Хаксли читал биологию как строго научный курс. У него не было иной цели, кроме как расширить и уточнить наши знания. Я никогда не слышал и не думал о каком-либо практическом применении сведений, которые мы получили за этот год, и все же гигиенические и экономические преобразования, к которым привело развитие биологической науки за последние сорок лет, огромны. Однако к условиям нашего обучения это все не имело ни малейшего отношения. Целый год я ходил обтрепанный и становился в этом смысле все неприглядней. Я был хил, жил в бедности, но это ничего не значило для меня в сравнении с открывавшимися передо мной жизненными перспективами. Работал я на износ, и год у меня выдался еще более счастливым, чем в Мидхерсте. Мне мешала несистематичность моего образования и плохая общая подготовка, но тем не менее я оказался одним из трех сдавших экзамен по зоологии по первому классу.

Первый класс в Нормальной школе означал, что вы получили более восьмидесяти процентов отличных отметок; наравне со мной прошли еще два студента: Мартин Вудворд, выходец из широко известной семьи биологов (он потом утонул, выискивая образчики морской фауны у западных берегов Шотландии) и А.-В. Дженнингс, сын владельца лондонской частной школы, с которым я завязал крепкую дружбу. Все остальные попали во второй класс или совсем провалились.

Дженнингс был единственным человеком, с кем я подружился в первый год. Он был примерно годом старше меня, стройный, одетый в серое молодой человек, румяный, с вьющимися черными волосами; он получил хорошее классическое образование и, хотя не был так широко начитан, как я, все свои знания усвоил куда как крепче. Он был отличный студент. Ему нравились мои богохульства и мое несоблюдение приличий в разговоре, и он принимался в таких случаях одобрительно хихикать, а когда мы преодолели мою застенчивость, то начали обсуждать религию, политику и науку. Я многое узнал от него и порядком пообтесался, избавившись в общении с ним от многих предрассудков. Впервые в жизни я соприкоснулся в Южном Кенсингтоне с умами, не уступающими моему и к тому же лучше отшлифованными, так же, как и я, пытавшимися докопаться до смысла жизни. Это помогло пробить скорлупу моей опасливой и тщеславной сдержанности.

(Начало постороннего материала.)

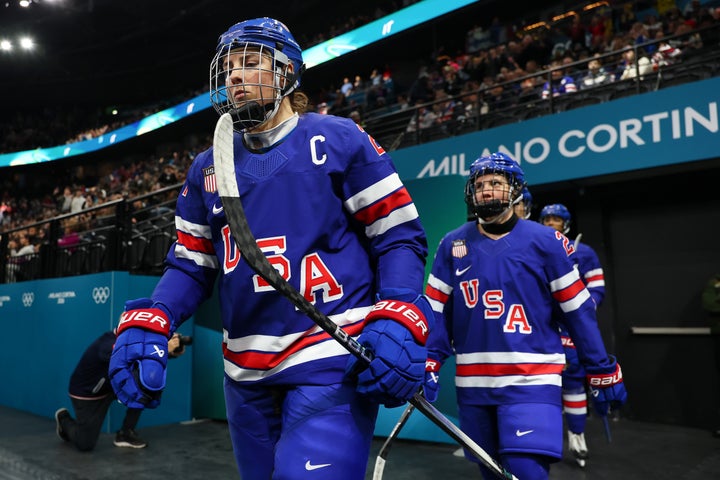 U.S. women's ice hockey captain Hilary Knight (left) leads her teammates onto the ice before a semifinal match against Sweden at Milano Santagiulia Ice Hockey Arena on Monday.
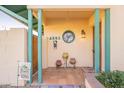 A welcoming front porch with a decorative stained glass window above the home's address at 1721 W Weldon Ave, Phoenix, AZ 85015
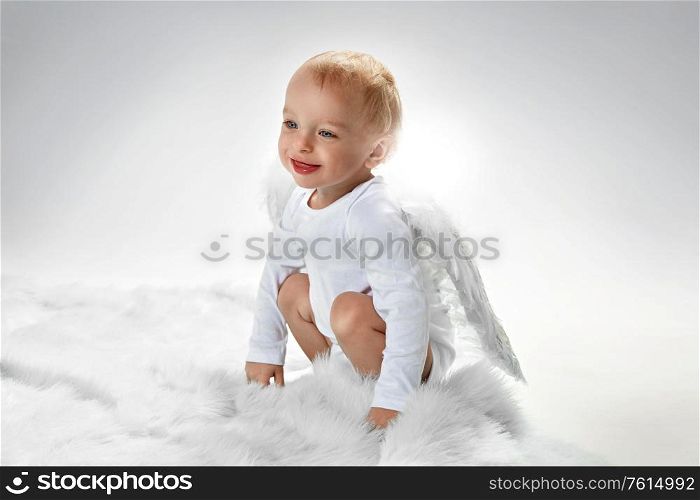 Portrait of a happy little baby angel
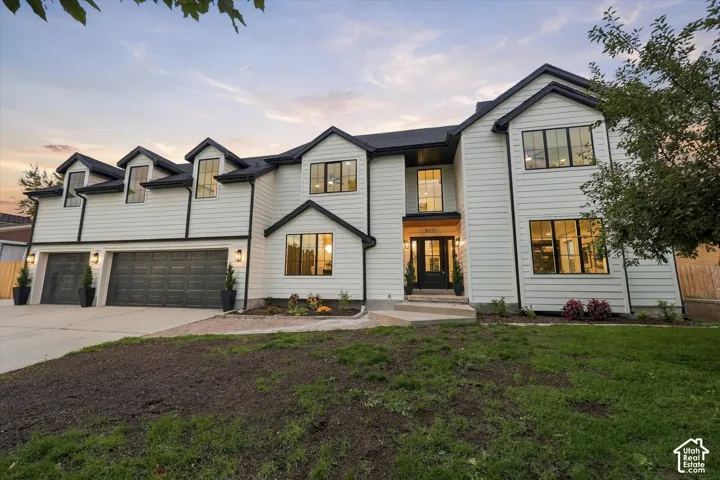 Modern farmhouse exterior with white horizontal siding and black trim accents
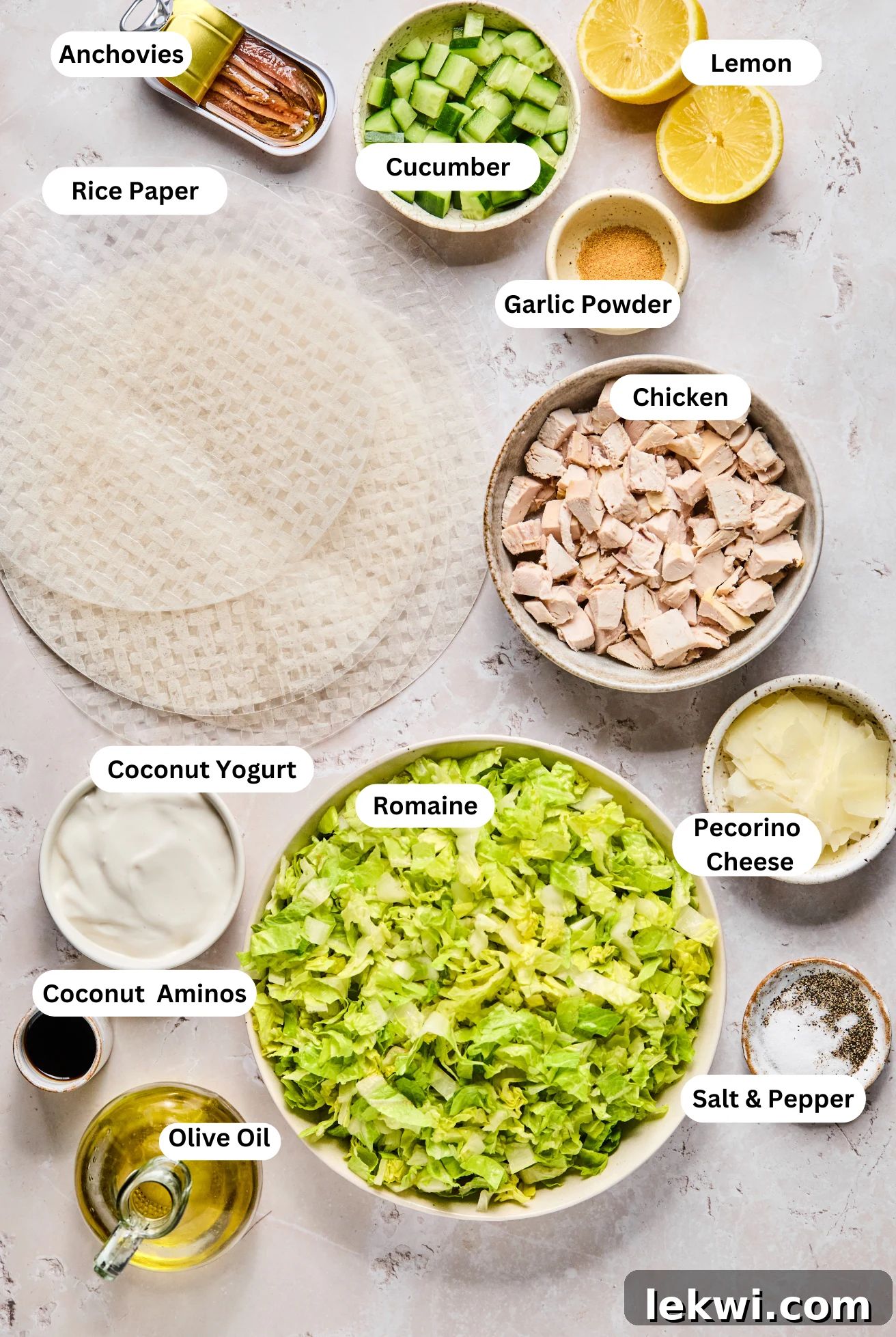 All the fresh ingredients for homemade chicken Caesar rice paper rolls carefully laid out on a table, including cooked chicken, crisp romaine lettuce, diced cucumber, and various dressing components.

Раз или два Дженнингс проявлял обо мне заботу; я запомнил это на всю жизнь. «Учителя на переподготовке», обучавшиеся в Нормальной школе, получали пособие – гинея в неделю, что даже по тем временам было очень мало. После того как я платил за комнату, завтрак и тому подобное, у меня оставались только шиллинг-другой на обед. Деньги платили по средам, и нередко я оказывался на мели уже в понедельник или во вторник, так что от завтрака до ужина, которые я получал дома, проходило целых девять часов, и все это время я ничего не ел. Дженнингс это заметил и заметил также, что я все худел и слабел, и чуть ли не силой затащил меня в ресторан, где угостил невероятно плотным обедом – мясом с двумя овощными гарнирами, кружкой пива, сладким рулетом и куском сыра; это был настоящий пир; мы разделили его по-братски, и он навсегда запечатлелся в моей памяти. Дженнингс хотел его повторить, но я воспротивился. Во мне была какая-то дурацкая гордость, я отвергал непрошеные благодеяния, а то он бы часто меня подкармливал. «Так мы будем соревноваться на равных», – уверял Дженнингс.

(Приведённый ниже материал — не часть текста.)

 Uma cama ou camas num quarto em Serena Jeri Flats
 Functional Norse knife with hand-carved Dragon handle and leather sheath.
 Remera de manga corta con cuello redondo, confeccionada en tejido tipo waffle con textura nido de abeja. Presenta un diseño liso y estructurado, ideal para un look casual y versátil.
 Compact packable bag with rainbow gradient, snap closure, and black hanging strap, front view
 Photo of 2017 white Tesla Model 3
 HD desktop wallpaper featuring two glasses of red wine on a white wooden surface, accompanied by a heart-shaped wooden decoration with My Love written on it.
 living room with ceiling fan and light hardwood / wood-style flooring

В конце этого вдохновившего меня года у меня зародилась слабая надежда, что я и дальше посвящу себя зоологии, но на кафедре не было вакансий. Мне так нравился этот предмет, что, наверно, я достиг бы в этой области немалых успехов. Основа у меня была неплохая, и я мог бы двинуться дальше, стать профессором зоологии, если бы только мне удалось осуществить свои планы. В моем образовании существовали пробелы, но я способен был их восполнить. Я убежден, что по-настоящему заинтересованные студенты (а остальные просто не стоят внимания; им в науке не место) должны пользоваться в университетах и колледжах полной свободой в выборе предметов и наставников. Но, во всяком случае, мои успехи в первый год обучения произвели должное впечатление на отборочную комиссию, и я был в качестве учителя, проходящего курс усовершенствования, определен на второй, а потом и на третий год обучения в этом колледже – туда, где были вакансии.

2. Профессор Гатри и физика (1885–1886 гг.)

На беду, в Нормальной научной школе такой профессор Хаксли был в единственном числе, и курс, который мне теперь предстояло прослушать, привлекал меня куда меньше, чем тот, что я слушал в первый год, и не так расширял мои познания. Во мне угасли интерес и любопытство, и я не способен был с прежним рвением броситься на освоение нового предмета. Я страдал от резкой перемены, и это отвлекало меня от дела. Чуть ли не с первого момента я вступил в конфликт со своими профессорами и наставниками.

Мне сейчас понятнее, чем прежде, что мгновенно превратило меня из жаждущего знаний и усердного студента, каким я был в первый год, в капризного, раздражительного, неугомонного вечного бунтаря, утомительного в своем бунтарстве. Этот период я только сейчас начинаю осмысливать и представлять себе как логическое продолжение своей жизни.

В учебном заведении, куда я попал, существовали большие недостатки, не говоря уже о непоследовательности самой системы преподавания. Я не имел тогда понятия о том, что именно раздражало и не устраивало меня, и едва ли понимал грубую примитивность преподавателей, на которую реагировал, да и саму природу своих реакций, но для меня началась полоса унижений и разочарований. Я не жалуюсь: унижения, разочарования, пустая трата энергии – всего этого не избежать на стадии слепых поисков и перемен. Удивительна не эта смутная полоса, в которую я вступил, а полоса везения в Мидхерсте и у Хаксли между 1883 и 1885 годами, светлый период, который придал мне силы, укрепил веру в себя и вооружил ослиным упорством в преследовании своих целей.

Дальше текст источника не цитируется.